Hoy llueve lento. Como hace un año. Diciembre se ha convertido en un mes de memoria y duelo, ýb. Las últimas palabras escuchadas a mi madre —adiós, cariño— antes de que su derrame cerebral la dejara sin voz; su último gesto cotidiano, ella inclinada y concentrada sobre su revista de pasatiempos “unir los puntos”; los días en reanimación, donde nos lanzaba besos desde el tubo que tapaba su boca, hacíamos ejercicios respiratorios y musculares, o nos preguntaba, en su silencio intubado, qué le había pasado o intentaba decirnos algo que nunca supimos descifrar, la pizarra donde escribíamos cuánto la queríamos. Ayer, durante el reparto, de nuevo el barrio donde me llamó mi hermana para avisarme de que iban a extubar a mi madre y la esquina donde, media hora después, la llamada era para decirme que iban a sedarla, que no respiraba por sí sola, que no había nada que hacer. Ayer, el recuerdo de rodear a mi madre, en la cama, y acariciarla, y darle besos, y no saber cómo despedirse de ella. Un año sin Luz, ib.

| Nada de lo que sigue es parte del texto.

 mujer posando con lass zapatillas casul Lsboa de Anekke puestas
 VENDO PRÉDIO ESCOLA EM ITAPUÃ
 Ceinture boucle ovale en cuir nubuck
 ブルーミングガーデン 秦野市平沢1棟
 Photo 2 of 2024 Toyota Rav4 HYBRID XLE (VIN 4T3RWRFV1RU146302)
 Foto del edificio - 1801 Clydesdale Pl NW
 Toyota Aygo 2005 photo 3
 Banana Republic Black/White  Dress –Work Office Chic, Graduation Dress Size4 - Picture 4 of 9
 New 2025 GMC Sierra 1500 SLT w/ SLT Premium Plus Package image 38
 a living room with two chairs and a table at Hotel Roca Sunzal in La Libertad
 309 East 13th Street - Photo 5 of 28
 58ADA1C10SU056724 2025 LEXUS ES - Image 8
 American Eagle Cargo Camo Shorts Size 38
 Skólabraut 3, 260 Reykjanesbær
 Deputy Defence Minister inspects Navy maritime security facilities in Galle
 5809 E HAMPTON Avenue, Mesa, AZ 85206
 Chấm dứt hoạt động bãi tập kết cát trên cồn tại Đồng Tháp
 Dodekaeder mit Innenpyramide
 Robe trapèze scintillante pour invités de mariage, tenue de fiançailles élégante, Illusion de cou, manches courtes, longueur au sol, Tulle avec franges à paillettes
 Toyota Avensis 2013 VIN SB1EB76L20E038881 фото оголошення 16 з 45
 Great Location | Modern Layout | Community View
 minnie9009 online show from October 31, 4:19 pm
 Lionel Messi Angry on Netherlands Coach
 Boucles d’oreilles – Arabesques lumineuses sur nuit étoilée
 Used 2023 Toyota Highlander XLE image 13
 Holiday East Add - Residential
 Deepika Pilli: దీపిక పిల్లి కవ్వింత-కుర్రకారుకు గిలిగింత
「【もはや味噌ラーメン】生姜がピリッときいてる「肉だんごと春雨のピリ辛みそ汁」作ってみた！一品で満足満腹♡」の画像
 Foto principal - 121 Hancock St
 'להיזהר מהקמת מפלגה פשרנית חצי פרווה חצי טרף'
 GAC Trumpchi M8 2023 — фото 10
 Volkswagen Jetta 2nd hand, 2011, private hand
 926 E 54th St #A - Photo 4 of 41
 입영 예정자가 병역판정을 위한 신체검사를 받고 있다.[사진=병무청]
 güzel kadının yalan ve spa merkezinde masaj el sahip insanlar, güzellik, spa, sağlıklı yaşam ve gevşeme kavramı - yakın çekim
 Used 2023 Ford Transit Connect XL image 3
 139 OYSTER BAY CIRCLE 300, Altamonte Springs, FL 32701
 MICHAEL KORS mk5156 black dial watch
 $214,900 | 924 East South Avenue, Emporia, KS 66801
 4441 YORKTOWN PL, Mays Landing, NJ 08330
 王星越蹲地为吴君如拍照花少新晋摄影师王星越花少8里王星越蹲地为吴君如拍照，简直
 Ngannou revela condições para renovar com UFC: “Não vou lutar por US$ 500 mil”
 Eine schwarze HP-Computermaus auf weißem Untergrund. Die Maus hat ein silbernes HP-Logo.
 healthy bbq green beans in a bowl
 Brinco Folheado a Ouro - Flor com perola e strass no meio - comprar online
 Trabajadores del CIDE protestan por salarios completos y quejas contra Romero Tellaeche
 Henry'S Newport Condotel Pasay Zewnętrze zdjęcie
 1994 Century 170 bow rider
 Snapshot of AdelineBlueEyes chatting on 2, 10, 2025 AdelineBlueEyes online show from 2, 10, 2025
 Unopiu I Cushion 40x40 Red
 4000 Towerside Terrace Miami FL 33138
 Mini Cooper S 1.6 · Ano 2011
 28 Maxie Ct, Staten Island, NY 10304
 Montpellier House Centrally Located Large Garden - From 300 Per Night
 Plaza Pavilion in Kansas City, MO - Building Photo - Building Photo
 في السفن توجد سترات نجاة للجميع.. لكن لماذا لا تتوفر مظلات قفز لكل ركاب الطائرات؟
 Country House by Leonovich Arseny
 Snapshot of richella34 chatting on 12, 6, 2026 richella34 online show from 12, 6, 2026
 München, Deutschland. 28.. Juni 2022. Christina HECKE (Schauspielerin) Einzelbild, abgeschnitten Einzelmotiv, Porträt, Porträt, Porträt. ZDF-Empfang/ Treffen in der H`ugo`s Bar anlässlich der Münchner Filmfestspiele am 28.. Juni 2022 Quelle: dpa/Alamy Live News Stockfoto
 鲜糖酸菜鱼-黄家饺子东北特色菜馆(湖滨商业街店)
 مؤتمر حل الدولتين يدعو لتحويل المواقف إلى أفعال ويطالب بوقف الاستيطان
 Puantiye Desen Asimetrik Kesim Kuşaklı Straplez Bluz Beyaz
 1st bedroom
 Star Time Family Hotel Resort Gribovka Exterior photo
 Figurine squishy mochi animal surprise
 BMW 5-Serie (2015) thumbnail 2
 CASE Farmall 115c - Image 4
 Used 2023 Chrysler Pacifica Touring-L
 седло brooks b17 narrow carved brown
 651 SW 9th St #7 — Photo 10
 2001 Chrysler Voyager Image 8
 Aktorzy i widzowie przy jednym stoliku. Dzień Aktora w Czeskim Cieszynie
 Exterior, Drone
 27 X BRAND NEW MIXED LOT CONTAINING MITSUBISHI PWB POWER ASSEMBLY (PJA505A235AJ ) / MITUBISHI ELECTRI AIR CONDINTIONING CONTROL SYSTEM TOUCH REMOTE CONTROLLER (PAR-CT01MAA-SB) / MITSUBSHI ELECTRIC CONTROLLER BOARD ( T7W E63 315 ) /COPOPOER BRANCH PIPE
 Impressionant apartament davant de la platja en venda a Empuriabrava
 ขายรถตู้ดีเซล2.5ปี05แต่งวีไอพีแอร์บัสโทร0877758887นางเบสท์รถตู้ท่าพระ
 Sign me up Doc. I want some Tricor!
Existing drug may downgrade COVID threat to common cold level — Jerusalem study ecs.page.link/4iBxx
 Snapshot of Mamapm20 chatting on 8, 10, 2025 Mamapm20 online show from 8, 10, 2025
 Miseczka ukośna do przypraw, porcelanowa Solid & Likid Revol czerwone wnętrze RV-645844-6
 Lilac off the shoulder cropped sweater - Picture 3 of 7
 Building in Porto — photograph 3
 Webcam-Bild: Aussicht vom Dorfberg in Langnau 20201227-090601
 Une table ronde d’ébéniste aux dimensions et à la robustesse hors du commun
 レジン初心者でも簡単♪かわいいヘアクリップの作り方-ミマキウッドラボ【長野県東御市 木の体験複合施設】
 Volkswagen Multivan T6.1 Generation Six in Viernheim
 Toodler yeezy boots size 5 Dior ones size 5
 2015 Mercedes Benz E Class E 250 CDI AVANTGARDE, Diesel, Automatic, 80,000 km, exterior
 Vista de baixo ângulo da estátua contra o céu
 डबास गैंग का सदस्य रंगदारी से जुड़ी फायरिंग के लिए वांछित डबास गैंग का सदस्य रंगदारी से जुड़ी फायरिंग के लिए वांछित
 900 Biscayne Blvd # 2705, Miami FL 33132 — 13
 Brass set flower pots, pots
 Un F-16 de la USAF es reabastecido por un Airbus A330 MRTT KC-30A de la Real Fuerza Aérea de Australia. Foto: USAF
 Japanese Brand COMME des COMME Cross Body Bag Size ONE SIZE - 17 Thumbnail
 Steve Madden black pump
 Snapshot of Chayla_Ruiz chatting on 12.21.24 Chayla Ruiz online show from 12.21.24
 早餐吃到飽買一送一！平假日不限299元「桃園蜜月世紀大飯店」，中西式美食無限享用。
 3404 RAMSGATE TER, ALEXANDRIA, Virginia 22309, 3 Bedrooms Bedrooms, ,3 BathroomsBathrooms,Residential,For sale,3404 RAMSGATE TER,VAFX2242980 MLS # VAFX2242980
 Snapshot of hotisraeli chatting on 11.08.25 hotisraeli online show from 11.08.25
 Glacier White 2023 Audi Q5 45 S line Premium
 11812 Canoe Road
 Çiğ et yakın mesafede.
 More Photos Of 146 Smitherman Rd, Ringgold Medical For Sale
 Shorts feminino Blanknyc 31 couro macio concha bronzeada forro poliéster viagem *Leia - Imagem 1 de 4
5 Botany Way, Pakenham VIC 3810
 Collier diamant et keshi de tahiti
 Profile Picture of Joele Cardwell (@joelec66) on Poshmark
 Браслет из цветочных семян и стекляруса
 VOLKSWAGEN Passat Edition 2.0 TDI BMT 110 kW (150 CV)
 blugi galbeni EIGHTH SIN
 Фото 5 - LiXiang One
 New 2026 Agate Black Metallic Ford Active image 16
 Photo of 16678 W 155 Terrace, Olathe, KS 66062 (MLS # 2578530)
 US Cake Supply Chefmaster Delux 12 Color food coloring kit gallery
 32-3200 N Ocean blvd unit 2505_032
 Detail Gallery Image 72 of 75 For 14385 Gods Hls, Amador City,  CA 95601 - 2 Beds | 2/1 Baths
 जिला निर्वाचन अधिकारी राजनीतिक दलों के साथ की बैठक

Me siento removido, ýb. En diciembre, también mi rutina de trabajo, lectura, librerías, algún paseo sin rumbo prefijado. Pero de fondo, el momento de ver morir a mi madre. Y la evidencia de que la muerte es la extinción de un mundo en sí mismo. Hoy no están la voz cálida de mi madre, ni el sabor de sus platos, ni sus recuerdos y caricias, ni la lentitud de sus últimos años, ni aquel gesto con su mano derecha como afianzándose en el tiempo y en el espacio, ni sus cuidados aún cuando apenas podía moverse.
Como en casa de mis padres, tras el trabajo. Lo hago solo, en el lugar que mi padre ocupaba en la mesa de la cocina, mirando hacia la ventana que da a un edificio de ladrillos rojos. Como con el silencio y las ausencias alrededor, con el frío que devuelven los muebles. A veces entro en la habitación de mis padres. Ahí están sus cenizas, todavía. Y un retrato de mi abuela materna en blanco y negro —un retrato de tantas mujeres gallegas, vestidas de luto y envejecidas prematuramente—. Mi madre se acostó en la cama junto a su madre muerta. Pensaba que dormía, nos decía. Recordaba ese momento no con espanto sino con algo parecido a la calidez.
Hace un par de días soñé con ella. La veía pasar con su hermana a través de una ventana esmerilada. Sólo eran siluetas, las dos, y sus voces llegaban en susurros ininteligibles. Como si esa ventana separase el mundo de los muertos del nuestro.
Ayer, como cada tarde, encendí una vela ante las fotos de mis padres. Les digo que les quiero y extraño y, ayer, también, dije gracias. Son días de una sonrisa triste, de agradecimiento, de una ausencia que es presencia y lo llena todo.